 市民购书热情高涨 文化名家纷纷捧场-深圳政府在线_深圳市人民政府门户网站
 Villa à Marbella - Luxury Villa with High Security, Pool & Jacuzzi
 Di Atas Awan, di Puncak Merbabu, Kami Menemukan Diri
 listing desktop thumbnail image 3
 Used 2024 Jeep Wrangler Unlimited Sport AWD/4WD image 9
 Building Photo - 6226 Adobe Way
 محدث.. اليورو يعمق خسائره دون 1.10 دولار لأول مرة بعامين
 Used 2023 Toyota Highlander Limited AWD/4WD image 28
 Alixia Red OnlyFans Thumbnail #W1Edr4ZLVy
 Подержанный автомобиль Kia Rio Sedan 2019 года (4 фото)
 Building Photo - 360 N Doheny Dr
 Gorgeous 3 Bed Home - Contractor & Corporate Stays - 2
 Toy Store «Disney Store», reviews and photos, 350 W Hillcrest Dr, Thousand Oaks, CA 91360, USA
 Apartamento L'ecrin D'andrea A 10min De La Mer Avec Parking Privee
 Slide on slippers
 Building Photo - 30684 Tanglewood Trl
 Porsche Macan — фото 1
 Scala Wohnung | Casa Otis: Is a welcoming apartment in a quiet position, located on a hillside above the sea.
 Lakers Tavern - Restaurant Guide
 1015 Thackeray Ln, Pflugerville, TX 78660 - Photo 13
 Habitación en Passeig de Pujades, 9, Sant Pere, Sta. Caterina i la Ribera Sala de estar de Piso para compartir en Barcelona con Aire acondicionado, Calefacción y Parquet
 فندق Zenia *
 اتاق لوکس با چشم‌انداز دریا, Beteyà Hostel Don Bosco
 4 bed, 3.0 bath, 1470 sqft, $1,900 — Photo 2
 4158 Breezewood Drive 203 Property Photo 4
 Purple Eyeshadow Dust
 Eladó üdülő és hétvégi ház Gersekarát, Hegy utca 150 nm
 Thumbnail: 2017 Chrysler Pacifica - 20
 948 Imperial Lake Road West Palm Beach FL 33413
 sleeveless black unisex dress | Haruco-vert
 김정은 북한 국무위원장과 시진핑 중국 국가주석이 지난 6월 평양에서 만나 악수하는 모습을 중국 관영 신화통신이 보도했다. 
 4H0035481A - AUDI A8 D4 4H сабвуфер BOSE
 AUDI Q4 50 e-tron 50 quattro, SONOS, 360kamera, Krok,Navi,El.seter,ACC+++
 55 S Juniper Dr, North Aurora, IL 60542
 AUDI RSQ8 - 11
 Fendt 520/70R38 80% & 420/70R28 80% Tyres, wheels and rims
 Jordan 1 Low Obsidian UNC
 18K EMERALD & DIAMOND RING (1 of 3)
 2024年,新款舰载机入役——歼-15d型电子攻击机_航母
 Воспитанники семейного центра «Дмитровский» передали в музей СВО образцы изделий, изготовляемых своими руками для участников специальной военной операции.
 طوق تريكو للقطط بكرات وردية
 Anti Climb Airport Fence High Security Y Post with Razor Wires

━━━━━━━━━━━━━━━━━━━━━━━━━━━━━━

What the exercise asks >> Please copy, without any change, the lines of the material from the first through the one containing "Building Photo - 6226 Adobe Way". Write nothing else.

Solution for this problem >>
 市民购书热情高涨 文化名家纷纷捧场-深圳政府在线_深圳市人民政府门户网站
 Villa à Marbella - Luxury Villa with High Security, Pool & Jacuzzi
 Di Atas Awan, di Puncak Merbabu, Kami Menemukan Diri
 listing desktop thumbnail image 3
 Used 2024 Jeep Wrangler Unlimited Sport AWD/4WD image 9
 Building Photo - 6226 Adobe Way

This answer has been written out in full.